**Material for this exercise**:
——

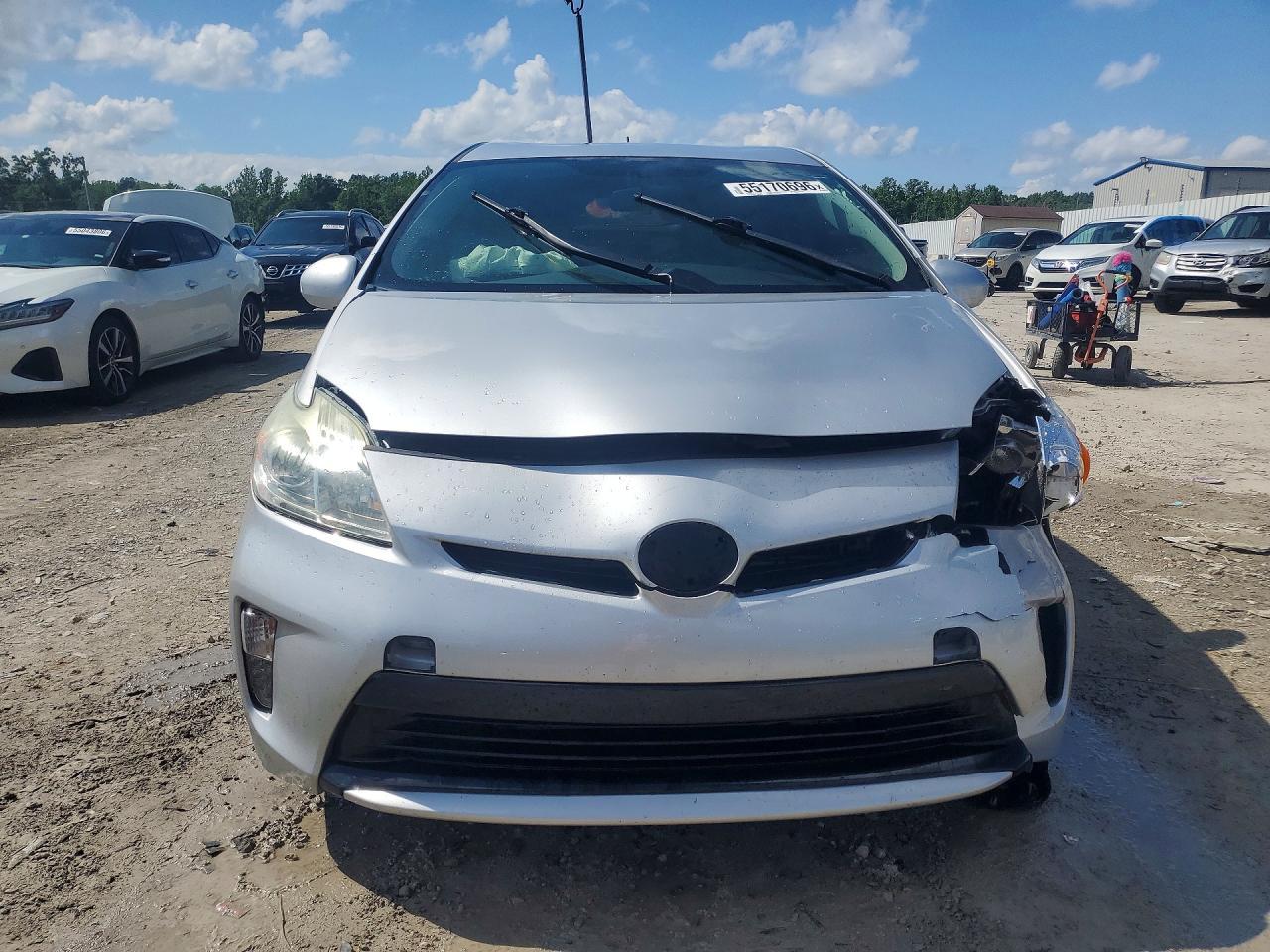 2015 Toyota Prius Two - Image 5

——

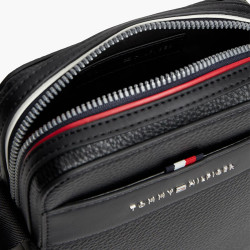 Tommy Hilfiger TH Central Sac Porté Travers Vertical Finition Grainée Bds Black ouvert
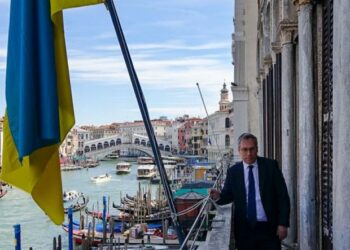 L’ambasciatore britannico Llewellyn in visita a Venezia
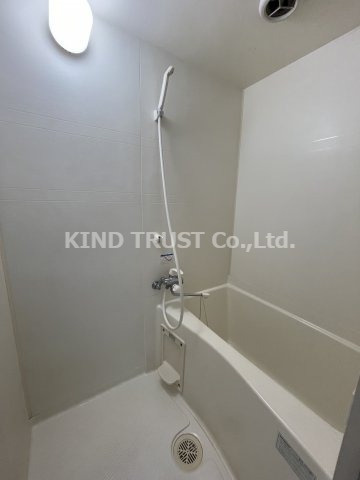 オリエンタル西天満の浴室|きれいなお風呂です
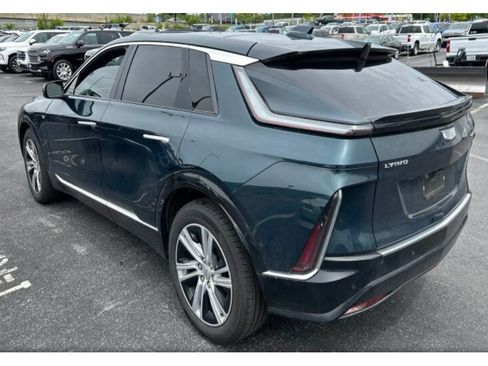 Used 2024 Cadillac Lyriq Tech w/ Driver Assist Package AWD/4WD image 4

——

**Work to complete**: Taking the entries above, copy word for word the lines from the one with "オリエンタル西天満の浴室|きれいなお風呂です" up to and including the one with "Used 2024 Cadillac", without any picture.

**Task response**:
 オリエンタル西天満の浴室|きれいなお風呂です
 Used 2024 Cadillac Lyriq Tech w/ Driver Assist Package AWD/4WD image 4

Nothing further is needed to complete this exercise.